The curfew is for teens under the age of 18 who are out after 9:30 at night. Chief Ronnie Bryant says the curfew is an old ordinance, but recent arrests highlight its importance, and he says he will soon have some extra help to enforce it.
Officers say the curfew is only for the teens safety. "Some of the teenagers have been victims of assaults, one instance where the victim was a victim of kidnapping," says Chief Bryant.
He says several other teens are facing charges for crimes committed after dark. "If the teenagers are out for no legitimate purpose, we will ask them to go home. If for some reason they don't go home, we will pick them up, bring them to the station and call their parents," he says.
Officer Ruey Couch says, "You get late at nights and things go on.

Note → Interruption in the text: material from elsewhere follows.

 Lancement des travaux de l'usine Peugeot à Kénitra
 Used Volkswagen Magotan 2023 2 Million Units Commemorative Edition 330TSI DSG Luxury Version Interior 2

We want to try to keep the younger people, keep them out of trouble."
Couch patrols the roads in Hazard and says as temperatures warm up, the curfew ordinance gets harder to enforce, but soon there will be some more help. Two former officers are returning to the force, Mike Napier and Bruce Fields.
"It's great, they are excellent officers, they worked here before. It's excellent to have them back, we need the help," says Couch.
Chief Bryant says a tight budget and a lack of trained officers is keeping them about five officers short of a full staff. Now the focus for all these men is keeping the community safe, especially the youth.
"It is one thing that we can do to prevent these teenagers from being in the situation for it to happen, especially at late hours," says Bryant.
Bryant says parents should know where their teens are by the time it gets dark. He says District Judge Leigh Ann Stephens is on board to help deal with the curfew and keep the city of Hazard safer after dark.